__What to work on__. Do not include the pictures; repeat the rest of the data exactly.

__Collected data__.
━━━━━━━━
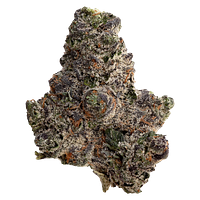 Original Dankster - Trapstar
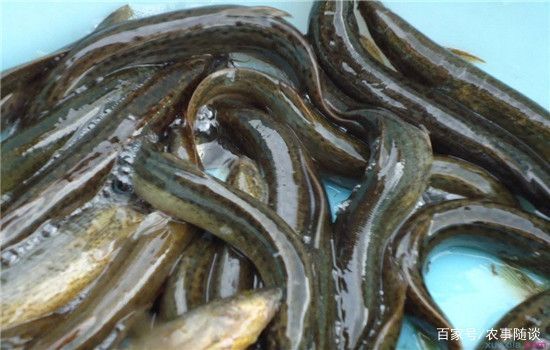 龍魚和翹嘴區(qū)別在哪兒：東南亞龍魚和翹嘴的區(qū)別，龍魚和翹嘴的區(qū)別在哪里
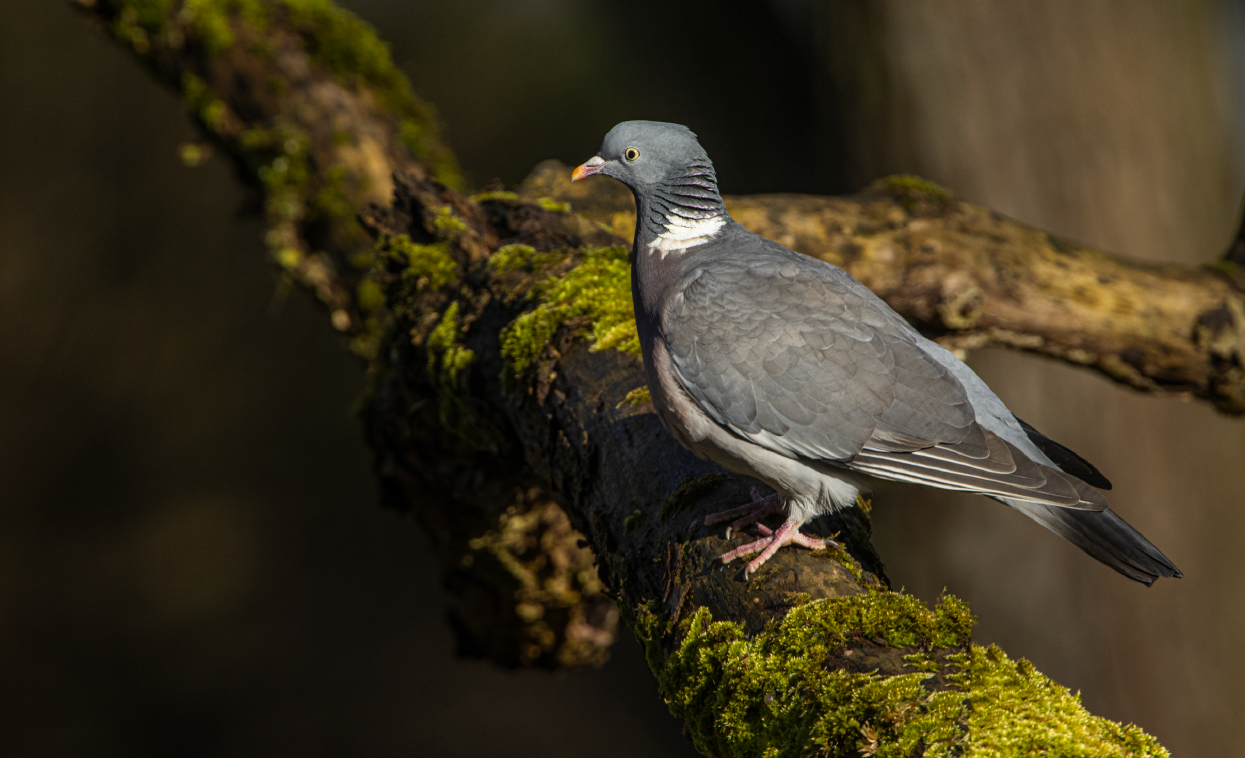 Pigeon ramier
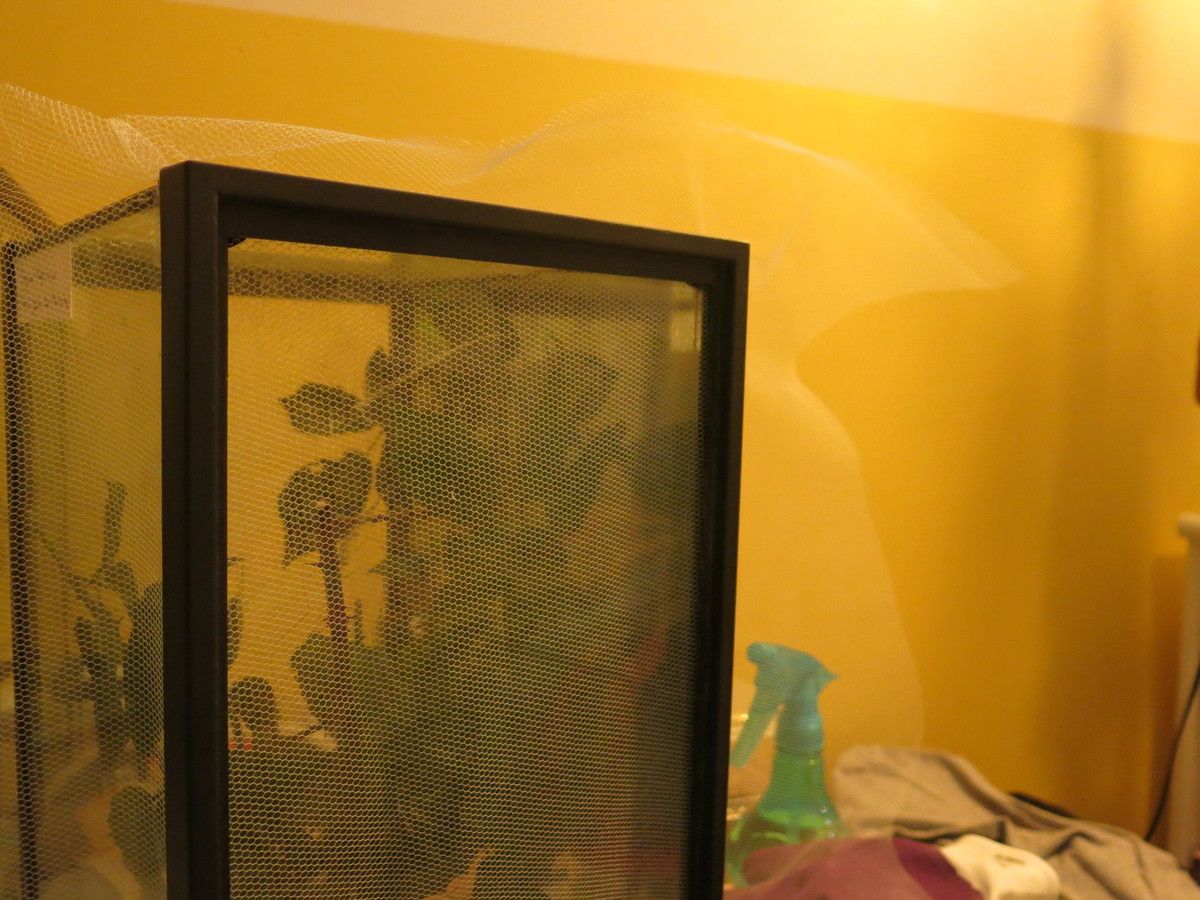 Tuto comment transformer un aquarium en terrarium ? Vavaphasme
━━━━━━━━
__Exercise result__.
 Original Dankster - Trapstar
 龍魚和翹嘴區(qū)別在哪兒：東南亞龍魚和翹嘴的區(qū)別，龍魚和翹嘴的區(qū)別在哪里
 Pigeon ramier
 Tuto comment transformer un aquarium en terrarium ? Vavaphasme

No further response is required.